At the jury trial, an officer testified as an expert witness regarding illegal drug distribution and use. He explained that the most common packaging of crack cocaine for street sales is for the “rock [to] be placed in the corner of a baggy, twisted, tied off and that’s how it’s individually wrapped”; the individual packets are then generally “held in one big sandwich bag.” He further stated that the most typical cash denomination in purchasing crack cocaine is a twenty-dollar bill. The officer also testified that there are basically three ways that drugs were sold in Brockton in 2014:

1. users purchase directly from the dealer’s home;
2. the dealer “flags over cars randomly on the corner” and then makes a quick sale; or
3. through a delivery service.

The officer testified that if an arrested person has cash in his possession in addition to individually packaged drugs and a cellular telephone, that is an indication to police that the arrestee may be a dealer. He went on: “[i]n my training and experience dealing with addicts, usually you don’t have much money on you. You’re spending it on the drugs. Where a dealer will have extra money on them because they’re selling the drugs.” He also testified that not having smoking paraphernalia one one’s person tends to indicate that the person is seller and not a user.
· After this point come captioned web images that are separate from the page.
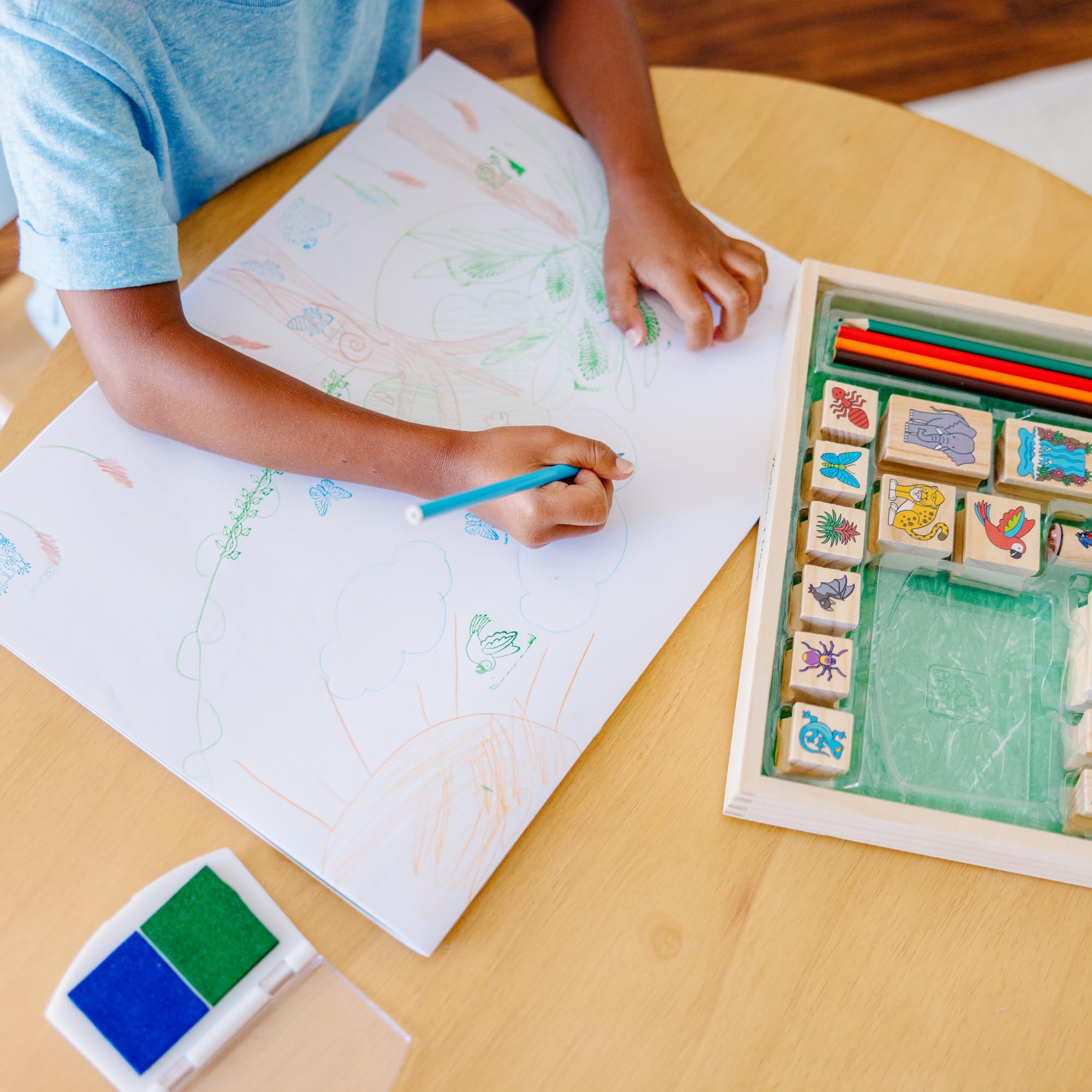 Melissa & Doug Stamp-a-Scene Rain Forest - 20-Piece Stamp Set with Colored Pencils & Ink Pad 10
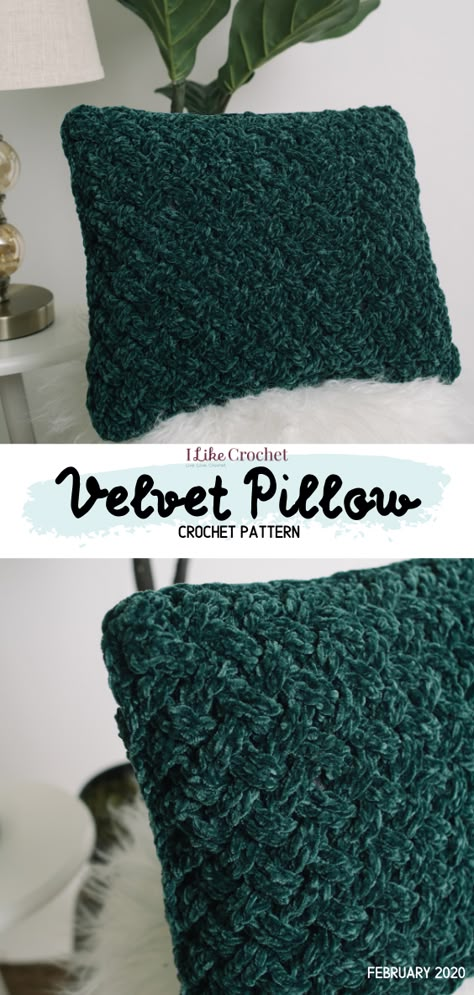 This classic pillow in a braided pattern is reminiscent of vintage velvet tuck pillows. This elegant take on a classic is stunning in bottle green, but would look wonderful in other gemstone colors like ruby or sapphire. Crochet Pillow Cover Velvet Yarn, Things To Make With Velvet Yarn, Crochet Velvet Pillow Cover, Velvet Crochet Pillow Pattern Free, Crochet Velvet Pattern, Velvet Yarn Crochet Pillow, Velvet Crochet Pillow Pattern, What To Crochet With Velvet Yarn, Velvet Yarn Knitting Patterns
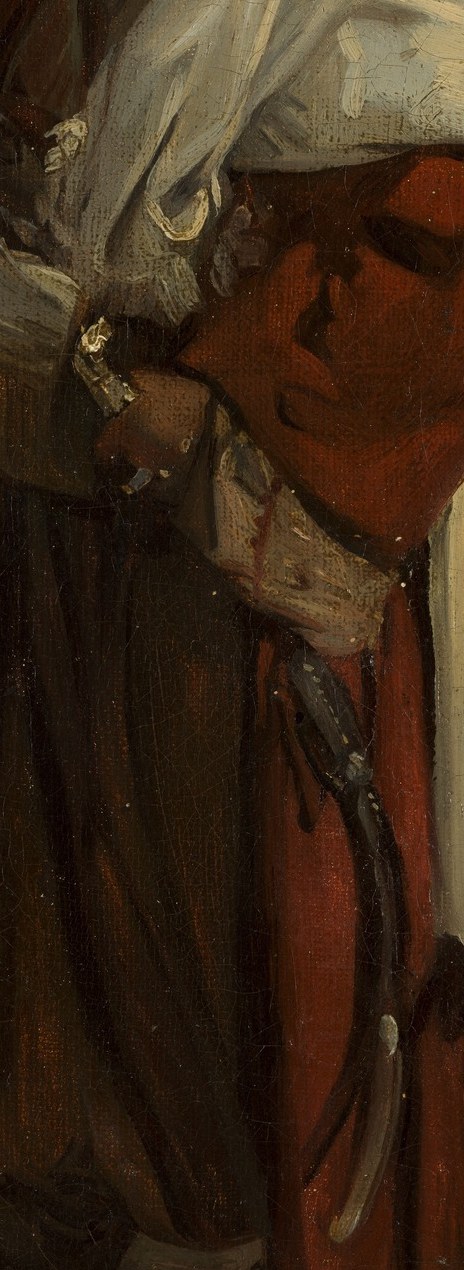 Here he depicts an Arab Warrior in rich, textured robes.
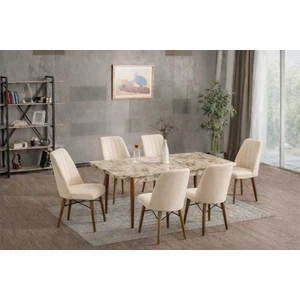 Yonga Concept Luna 6 Sandalyeli Mutfak Masa Takımı Krem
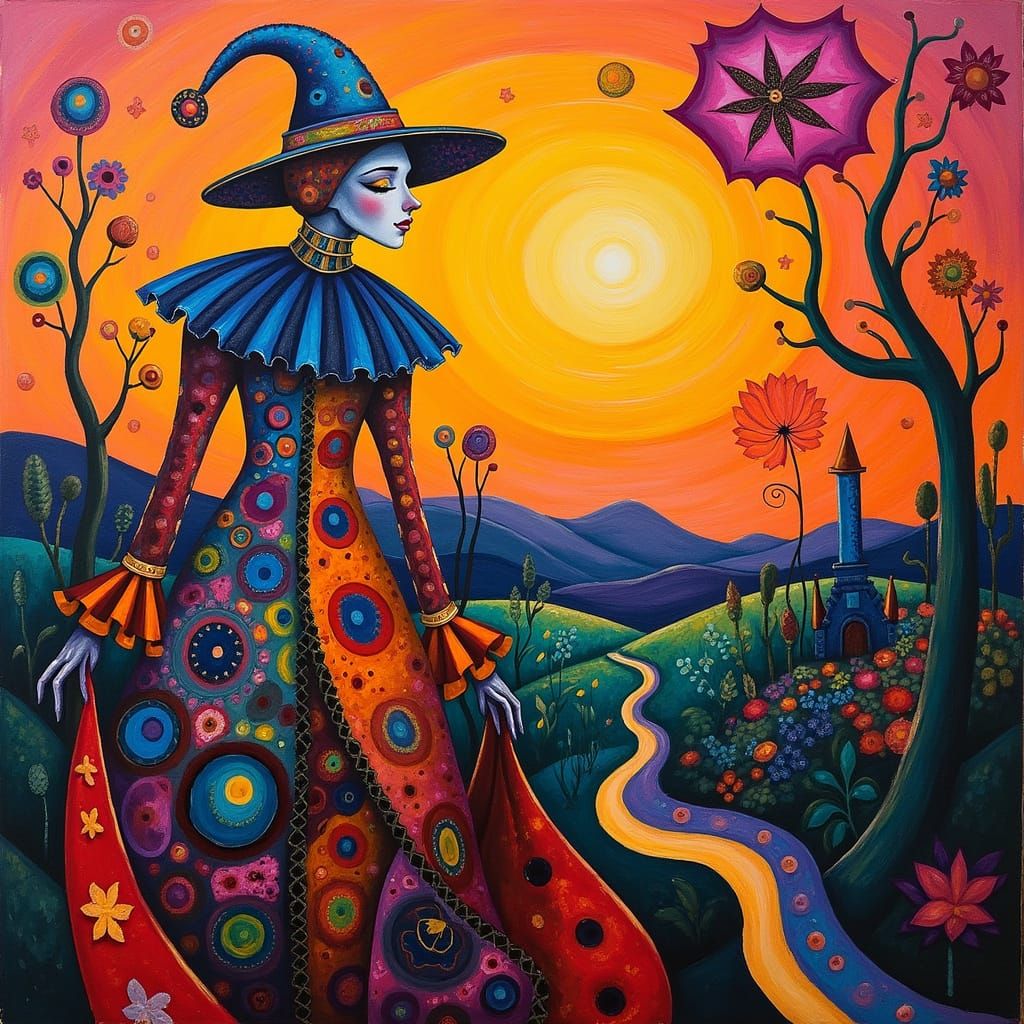 Harlequin in Dreamlike Landscape: A Modern Art Piece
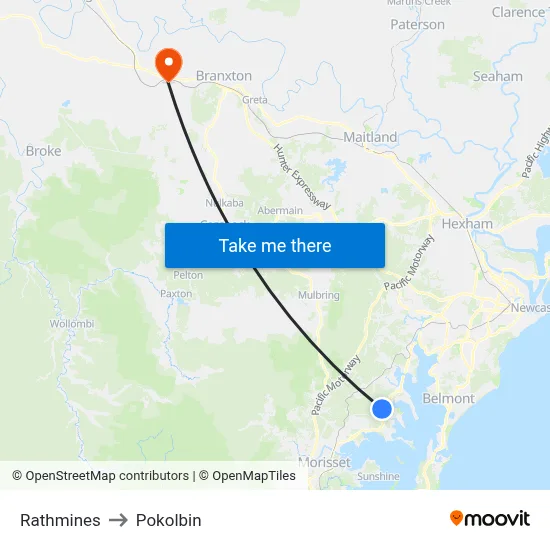 Rathmines to Pokolbin map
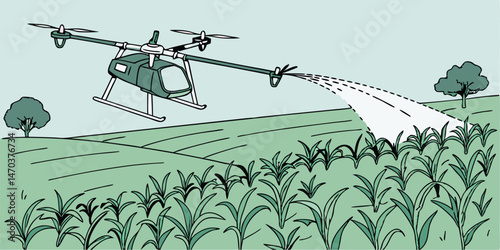 Agricultural Drone Illustration for Precision Farming Commercial Use Case Royalty Free - Scalable Vector EPS 10 Graphic Format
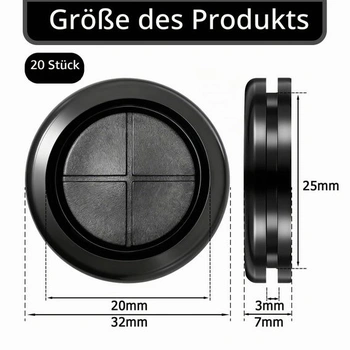 20 kusů gumových kabelových průchodek 25 mm, vodotěsných, černých 25 mm - 20 ks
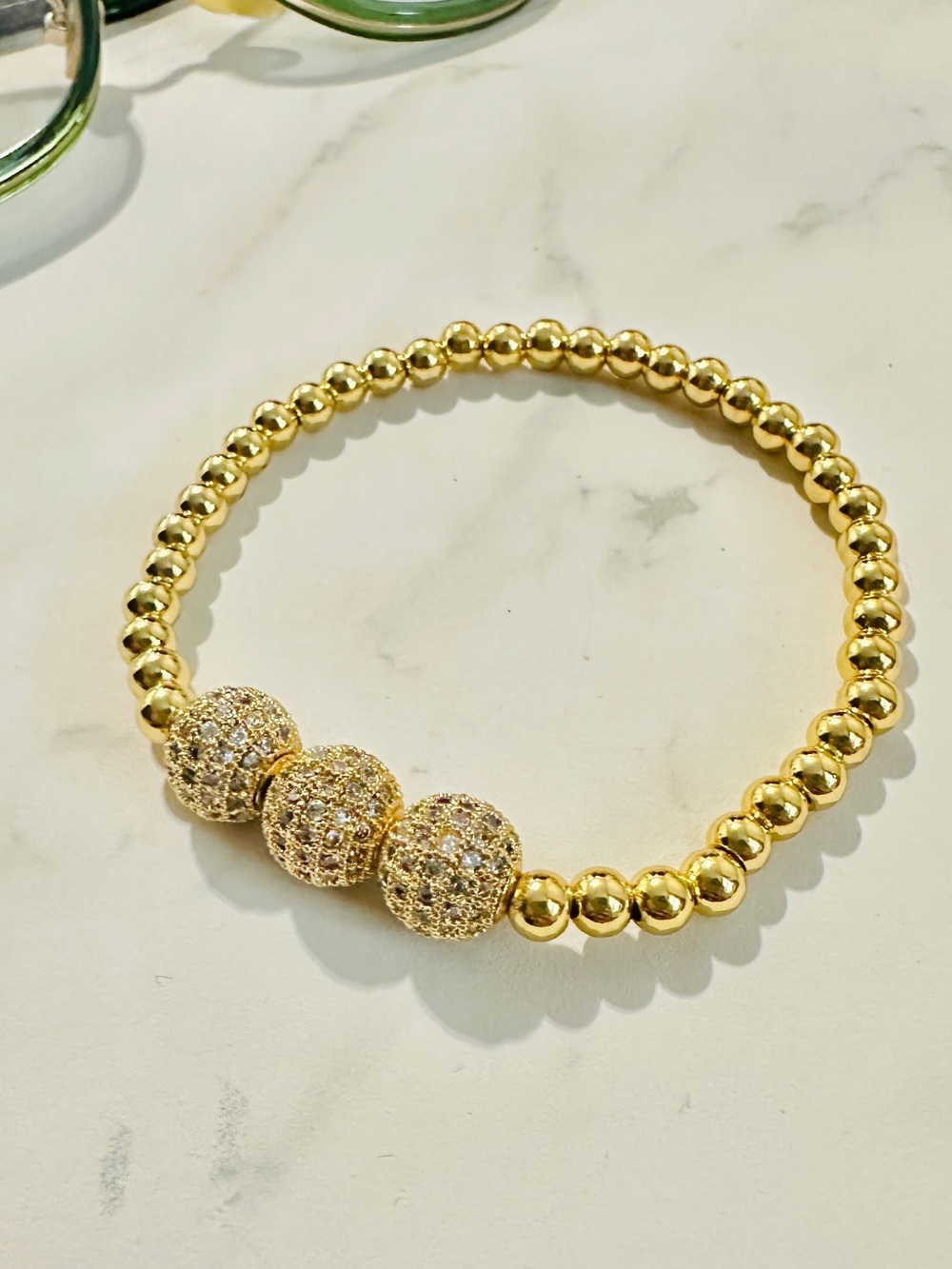 Hardware Metal 18K Gold Plated Beaded Bracelet with Pave Accent Beads- stainless
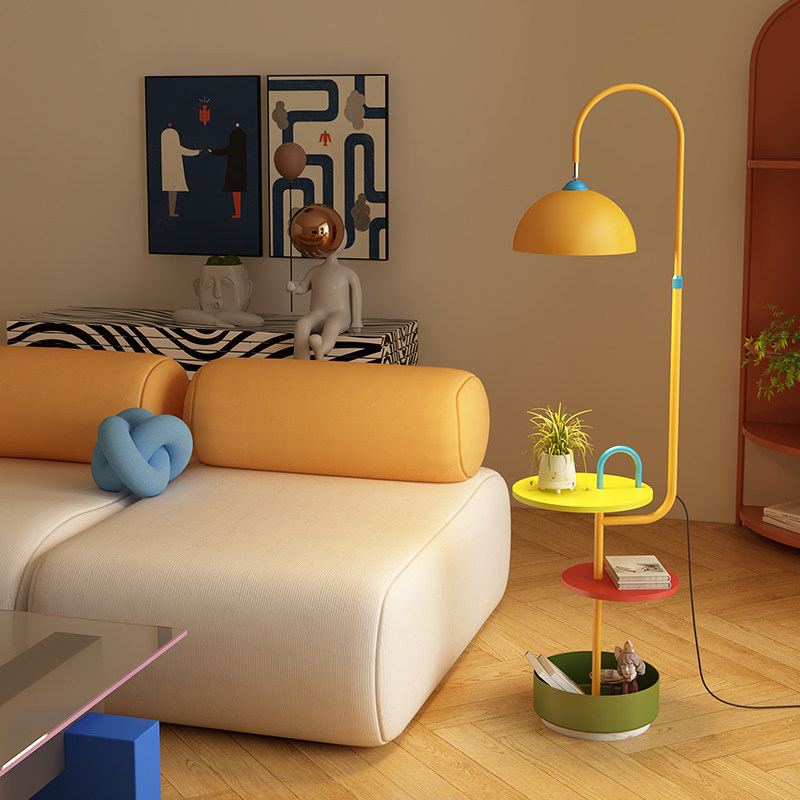 孟菲斯落地灯客厅沙发旁装饰氛围灯具书房茶室置物架一体立式台灯,淘宝优惠券,粉丝福利购,淘宝优惠卷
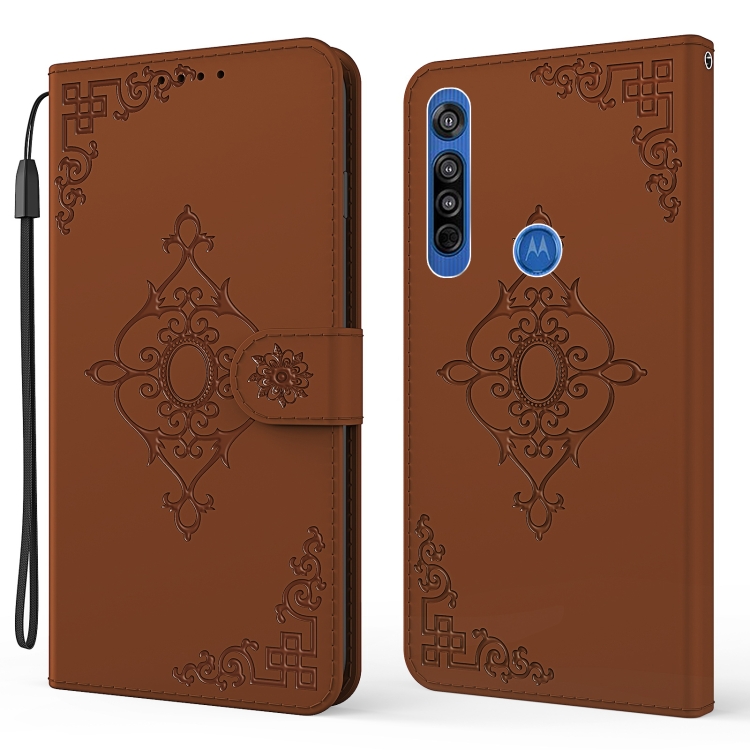 

For Motorola Moto G8 Embossed Fortune Flower Pattern Horizontal Flip Leather Case with Holder & Card Slot & Wallet & Lanyard(Brown)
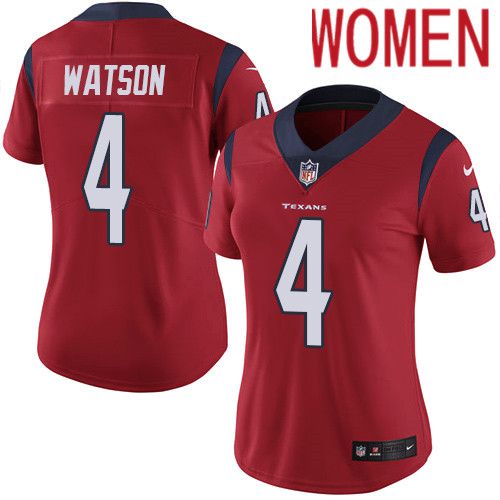Women Houston Texans #4 Deshaun Watson Red Nike Vapor Limited NFL Jersey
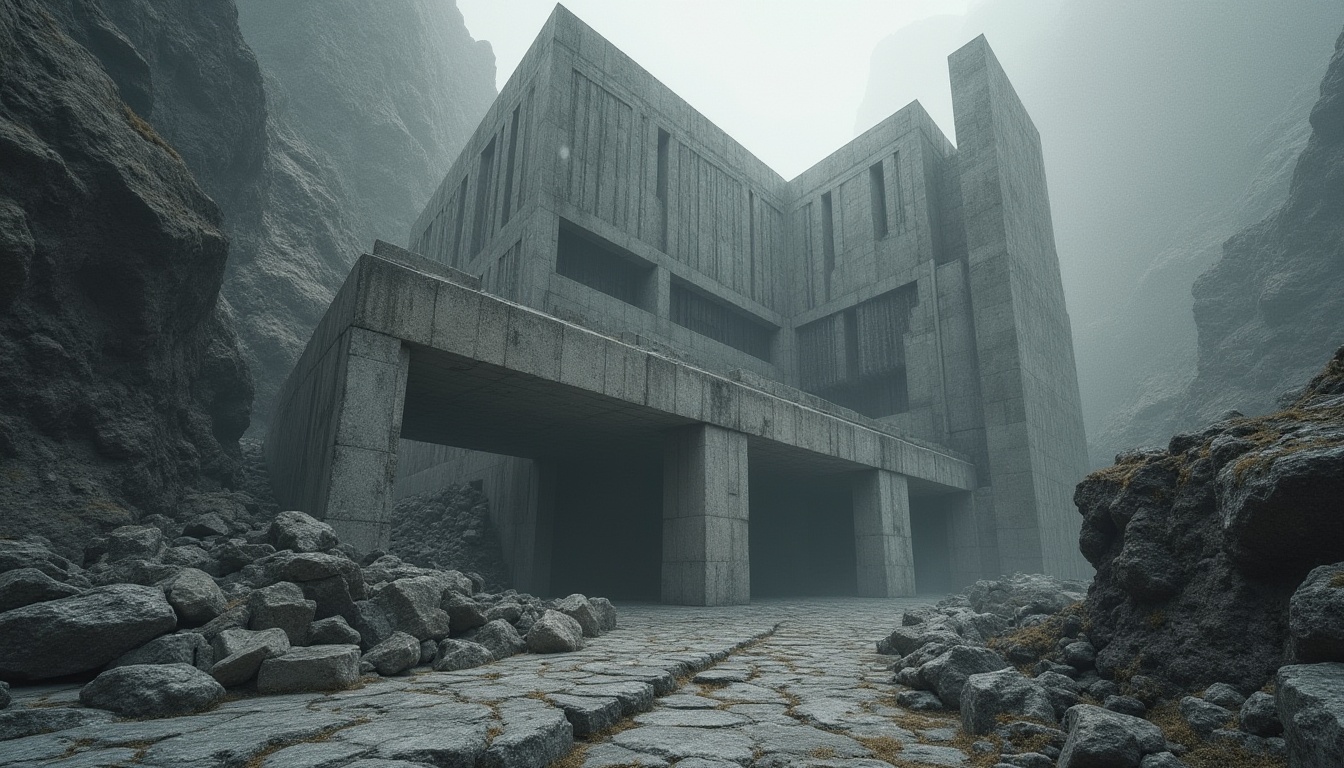 Prompt: Brutalist architecture, granite material, rough texture, solid structure, monumental building, abstract composition, dramatic lighting, high-contrast shadows, urban cityscape, industrial atmosphere, modernist style, bold geometric shapes, fortress-like façade, imposing scale, rugged natural environment, misty morning light, cinematic mood, 3/4 composition, low-angle shot, detailed stone patterns.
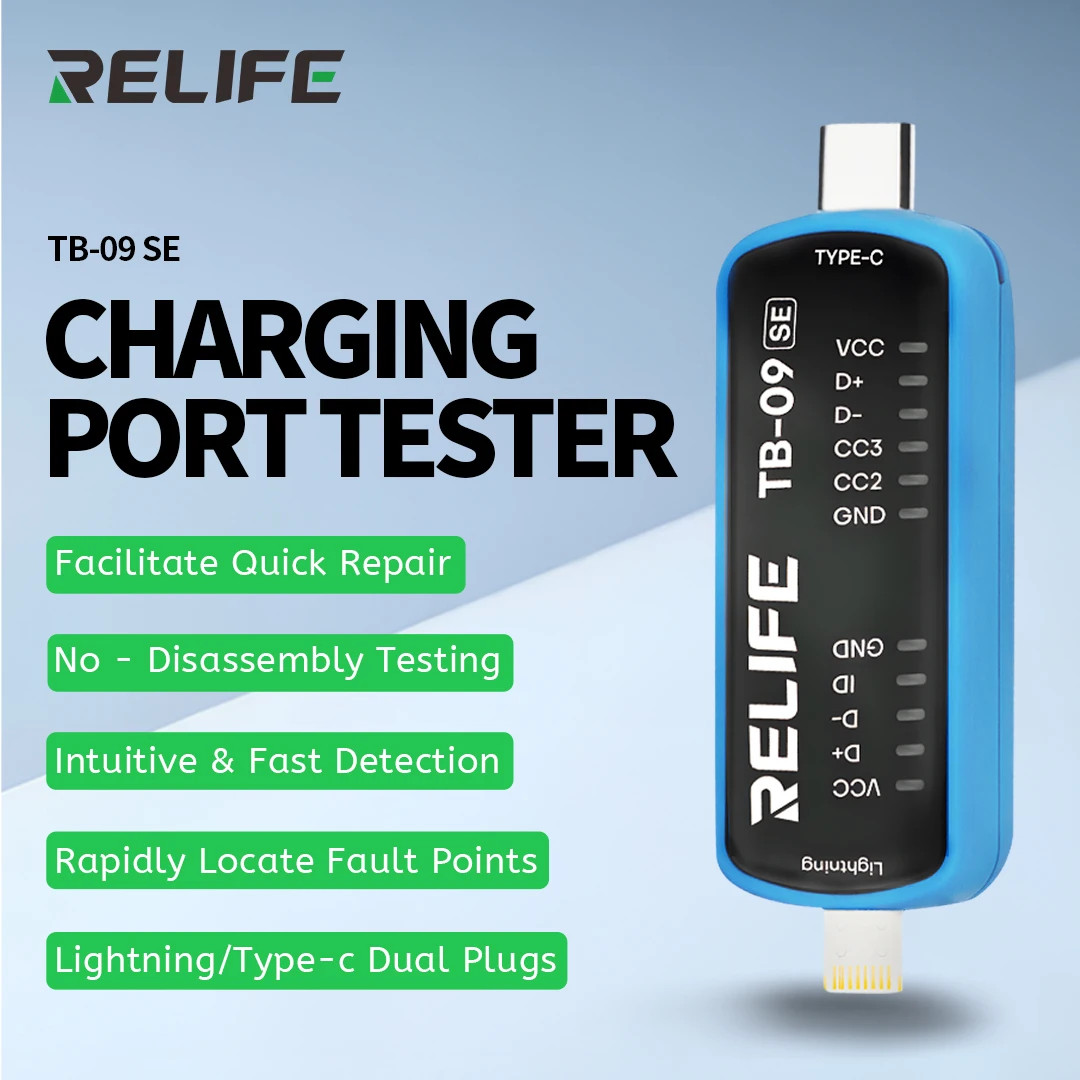 RELIFE TB-09 SE Charging Port Tester for iPhone Android  Lightning/Type-c Dual P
When defense counsel cross examined the police officer, the officer stated that, in his experience, a person purchasing a larger quantity of crack cocaine would not buy fifteen individual bags, but instead would buy in bulk, but that an addict may purchase one or two bags from a dealer without large quantities in order to feed their immediate needs. He also disagreed that it would be common for a dealer on the street selling drugs to have on his or her person a digital scale or empty plastic baggies.

After the jury returned a guilty verdict for possession of a Class A drug with intent to distribute, the defendant appealed. The Appeals Court upheld the verdict, finding that the introduction of the expert testimony was not improper for several reasons.

First, a trial judge has wide latitude when it comes to whether or not to admit expert testimony. Second, the role of an expert witness is to help jurors interpret evidence that lies outside of common experience, and third, the issue of whether drugs were possessed with the intent to distribute is not a matter within the common experience of jurors.

The Appeals Court differentiated another recent case, where it was held improper for a police officer to testify about physical characteristics of drug users. In that case, the expert police witness testified that “the majority of them you will notice them to be somewhat unkempt, very thin, physical appearances seem to be deteriorating, sometimes they’ll have rotted teeth or worn down teeth from constantly grinding their teeth based on the addiction that results from the crack use.”

The Smith case was different, said the Appeals Court, because the “profiling” evidence at issue described how drug dealers and addicts typically acted, rather than what they looked like.